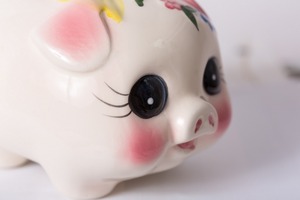 20150223150223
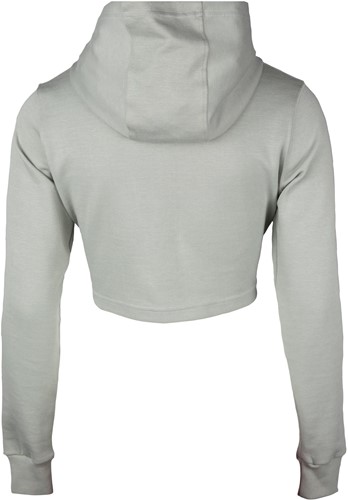 pixley-crop-hoodie-green-pop2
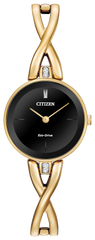 Citizen Axiom EX1422-54E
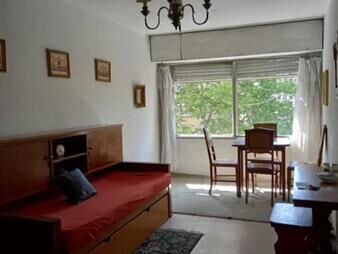 https://web5.gallito.com.uy/apartamento-en-alquiler-monoambiente-1-baño-inmuebles-28102347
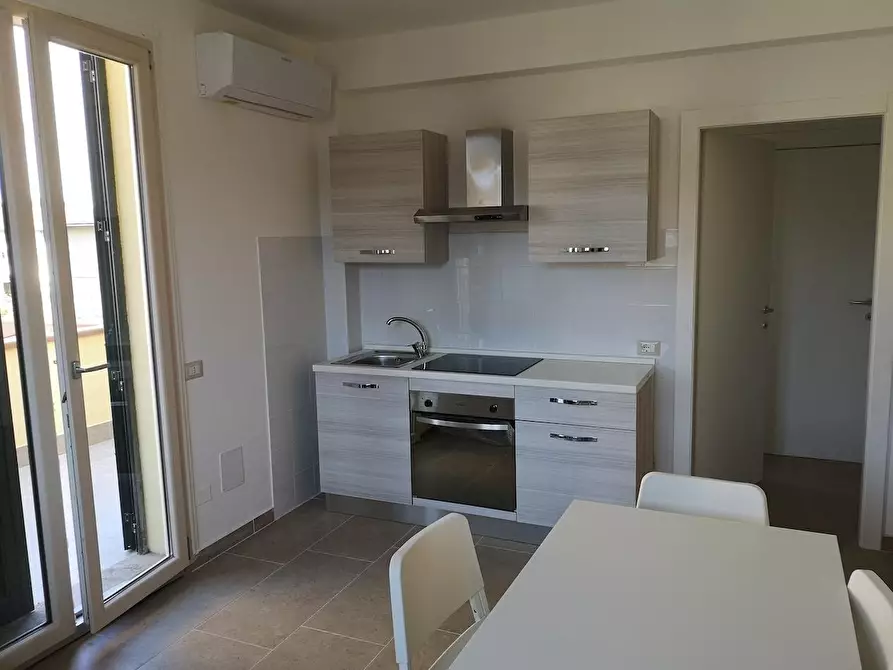 Immagine 1 di Appartamento in affitto  a San Miniato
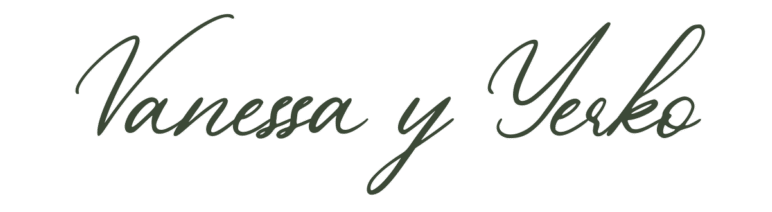 Copia de Rosario y Fernando Bosque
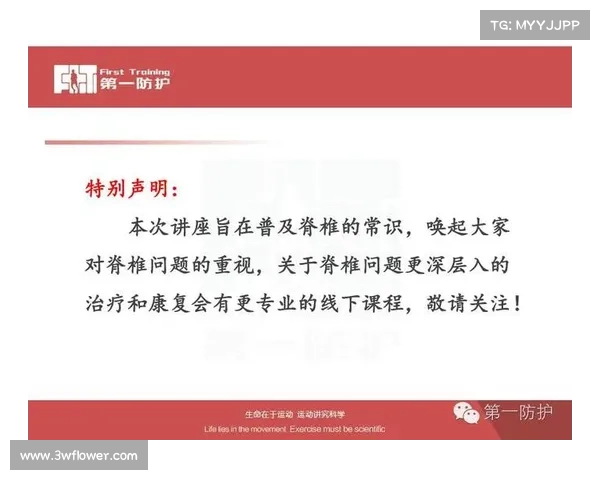 你关心的问题,我们来回答⑦ 你关心的问题,我们来回答⑦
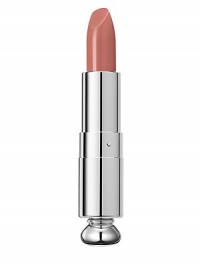 Named Best Dark Lipstick in Allure magazine's Best of Beauty October 2009. High impact. Weightless color and shine. Now, Dior Addict Lipcolor is even better with a new weightless formula, ultra-high impact color, a smooth, glide-on texture and a new look that's pure Dior. 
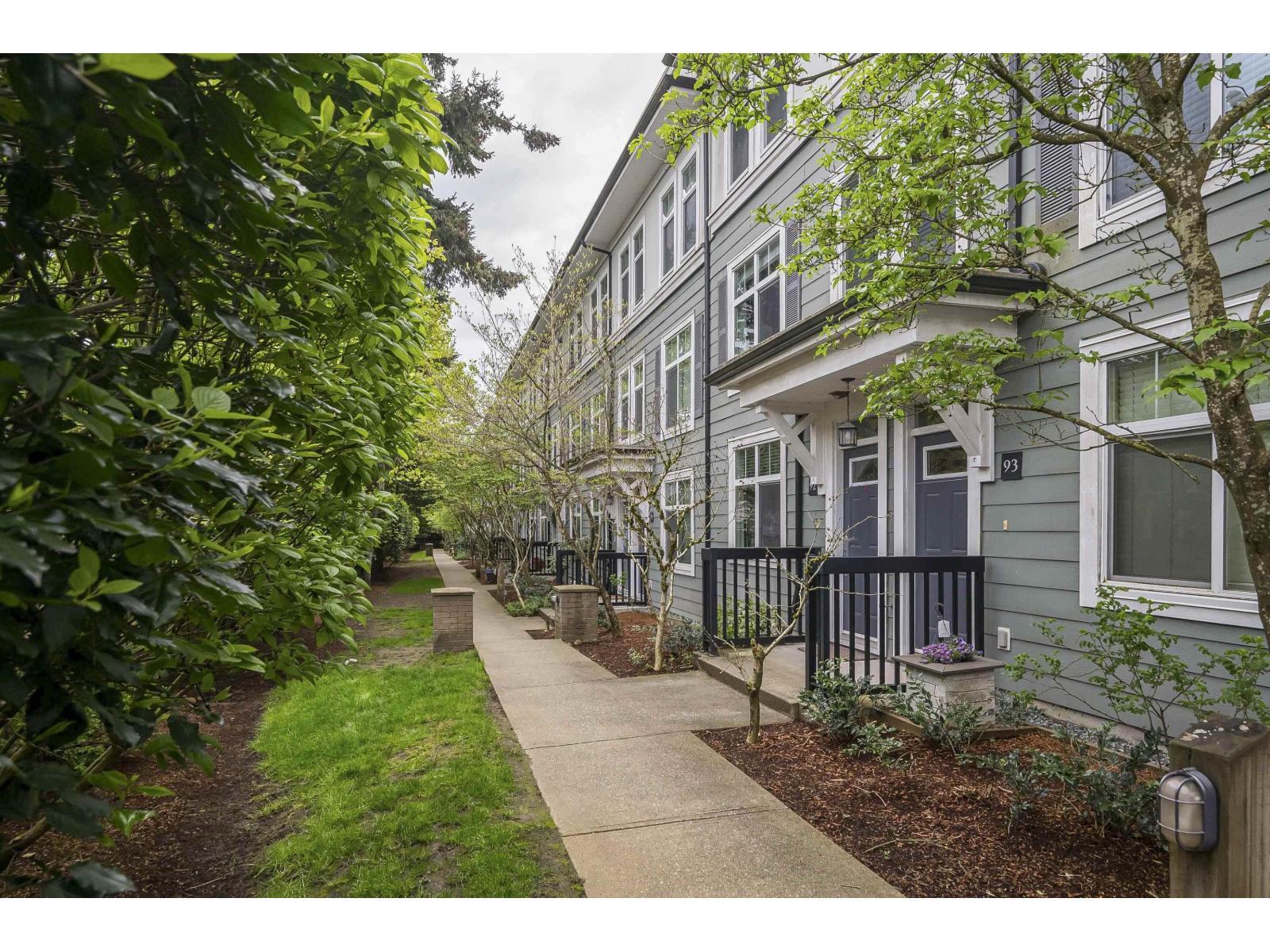 93 15833 26 Avenue, Surrey, British Columbia  V3Z 2X5 - Photo 27 - R3032399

________________

*Goal of the exercise*: Starting at the line that contains "Copia de Rosario y Fernando Bosque", transcribe each line through the last one of the entries above, exactly and without pictures.

*Result*:
 Copia de Rosario y Fernando Bosque
 你关心的问题,我们来回答⑦ 你关心的问题,我们来回答⑦
 Named Best Dark Lipstick in Allure magazine's Best of Beauty October 2009. High impact. Weightless color and shine. Now, Dior Addict Lipcolor is even better with a new weightless formula, ultra-high impact color, a smooth, glide-on texture and a new look that's pure Dior. 
 93 15833 26 Avenue, Surrey, British Columbia  V3Z 2X5 - Photo 27 - R3032399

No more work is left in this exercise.